What would your use case be? If it's for TSL based EAP methods, do you
know what the stepling support is on the client side?

> 2.2) TLS resumption support by Session Tickets (RFC 5077). Another
> option is to just wait for TLS 1.3 support although it would take
> several years until most clients in an organization would support
> TLS 1.3, if at all.

Noted. For this feature too, would it be for EAP methods too or do you
have something else in mind?

> 2.3) Multithreading support for Windows Server (at the moment I'm
> using a master service and splitting the handling of different
> authentication methods to different Windows services).

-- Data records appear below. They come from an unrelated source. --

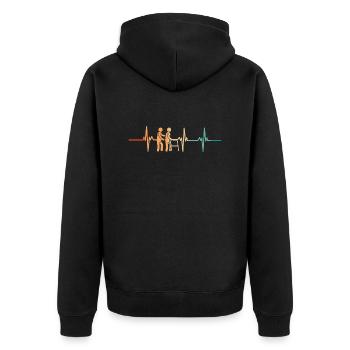Herzschlag-Physiotherapie - Unisex Premium Bio Zip Hoodie - Schwarz - Hinten - Nico (187cm)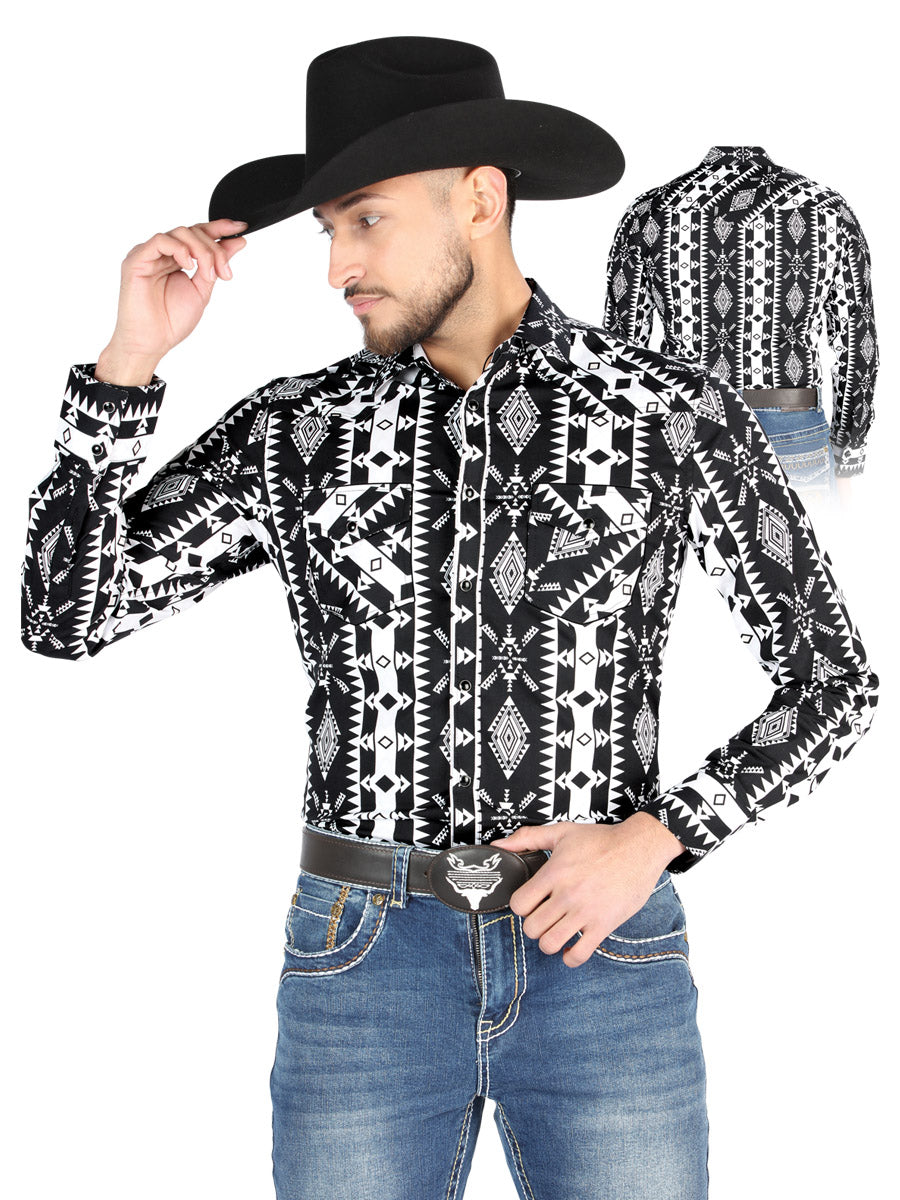 
                  
                    El General - Casual Long Sleeve Shirt - Black 44501
                  
                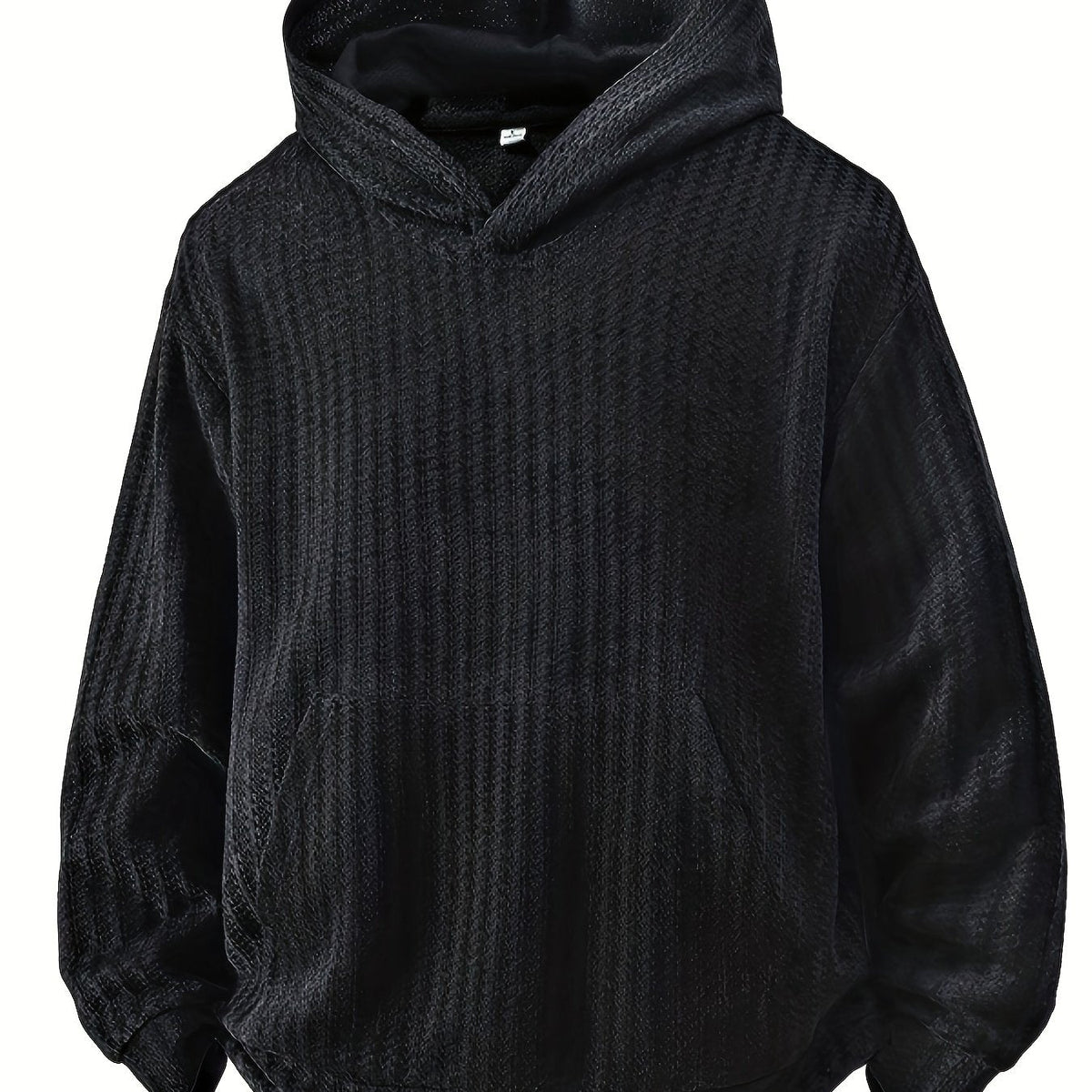 Hoodie mit Kapuze und Kängurutasche – Gerippter Strukturstoff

I don't think multithreading support is the way forward. What we are
interested in doing is making it easier to run multiple instances that
work together.

> 2.4) A mature, flexible and robust web GUI, preferably one that can
> manage distributed Radiator servers. The web GUI I'm using for 4.15
> isn't much help for maintaining configuration and reading log files,
> let alone multiple configuration files. Therefore I need to remote
> desktop into the Radiator server in order to manage anything. This
> is compounded further if you're using many Radiator servers.

Centralised logging, and logging enhancements in general, is also
something we're working on. There's also work done for interfaces that
can enable building a web GUI, so the GUI does not have to be within
Radiator itself.

What comes to credential security, the credentials can be
encrypted/obfuscated so that they are not in clear text format in the
configuration file. There's initial support for that in the patches.
However, we have not looked at separate products for credential storage.

Thanks,
Heikki

--
Heikki Vatiainen <hvn at open.com.au>

Radiator: the most portable, flexible and configurable RADIUS server
anywhere. SQL, proxy, DBM, files, LDAP, NIS+, password, NT, Emerald,
Platypus, Freeside, TACACS+, PAM, external, Active Directory, EAP, TLS,
TTLS, PEAP, TNC, WiMAX, RSA, Vasco, Yubikey, MOTP, HOTP, TOTP,
DIAMETER etc. Full source on Unix, Windows, MacOSX, Solaris, VMS,
NetWare etc.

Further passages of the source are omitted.